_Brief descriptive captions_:
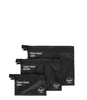 Travel Pouch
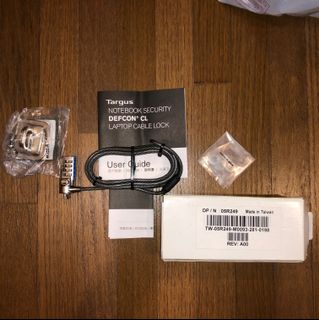(Category: ) located in . Submitted by unclelionel (Listing ID 1004224864, Image 1). Description: .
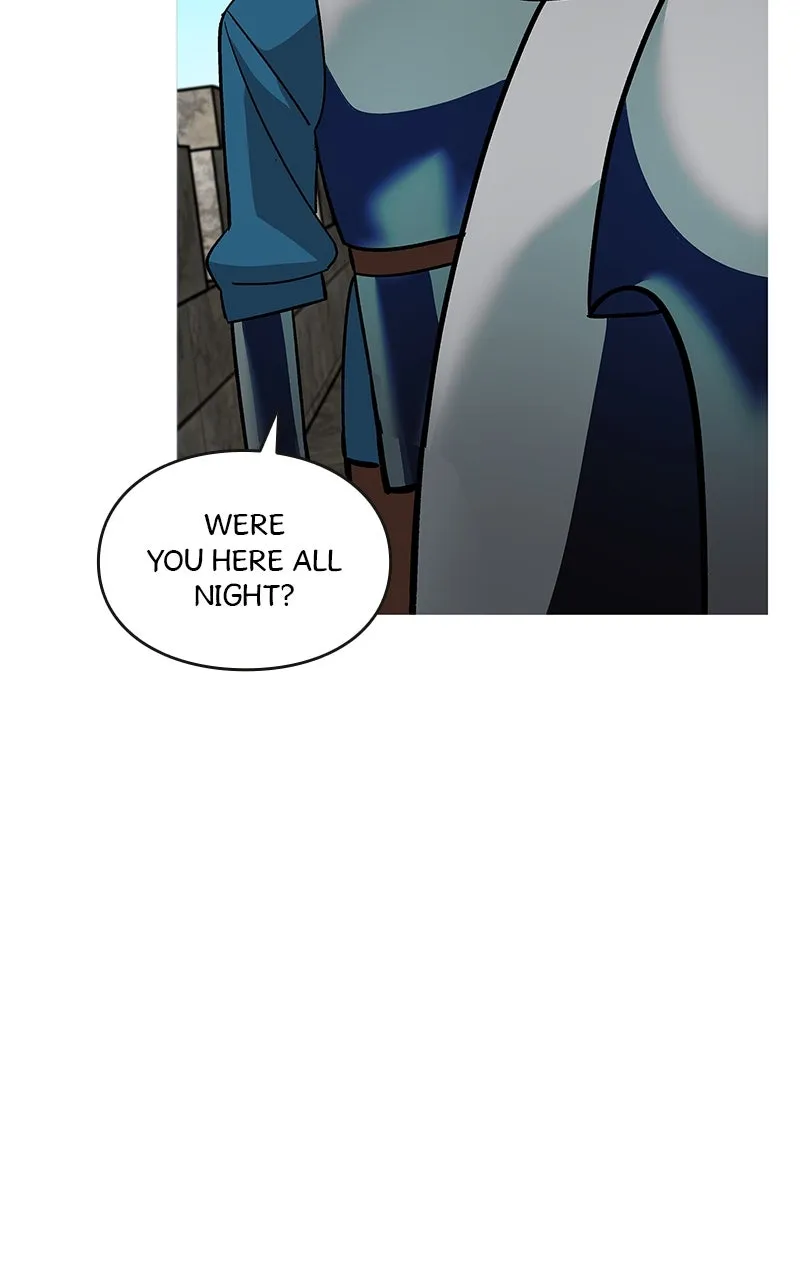 Read Becoming the Monarch chapter 44 image 67 on Lezhin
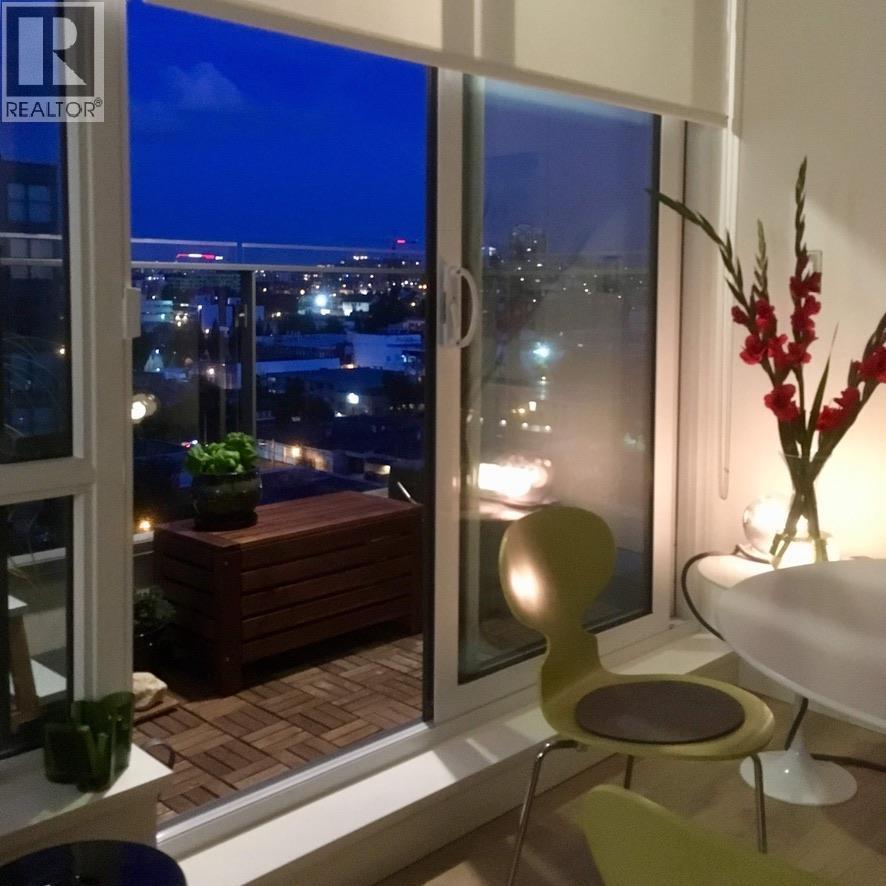 1405 1788 Columbia Street, Vancouver, British Columbia  V5Y 0L7 - Photo 29 - R3099223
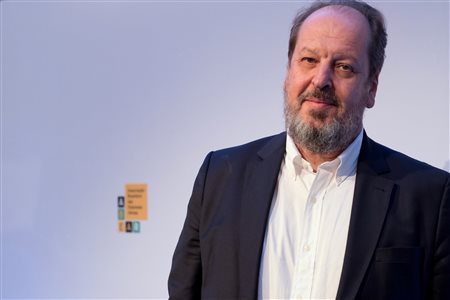 Acadêmicos analisam perspectivas do Turismo no Brasil até 2030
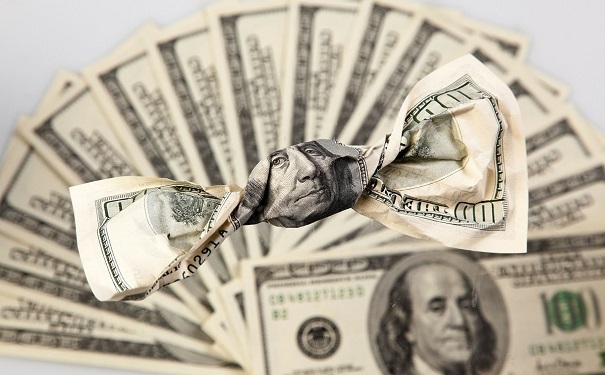 研發(fā)費用加計扣除，蘇州研發(fā)費用加計扣除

_Work required_:
Your answer must restate the entries word for word and contain no pictures.

_Exercise output_:
 Travel Pouch
(Category: ) located in . Submitted by unclelionel (Listing ID 1004224864, Image 1). Description: .
 Read Becoming the Monarch chapter 44 image 67 on Lezhin
 1405 1788 Columbia Street, Vancouver, British Columbia  V5Y 0L7 - Photo 29 - R3099223
 Acadêmicos analisam perspectivas do Turismo no Brasil até 2030
 研發(fā)費用加計扣除，蘇州研發(fā)費用加計扣除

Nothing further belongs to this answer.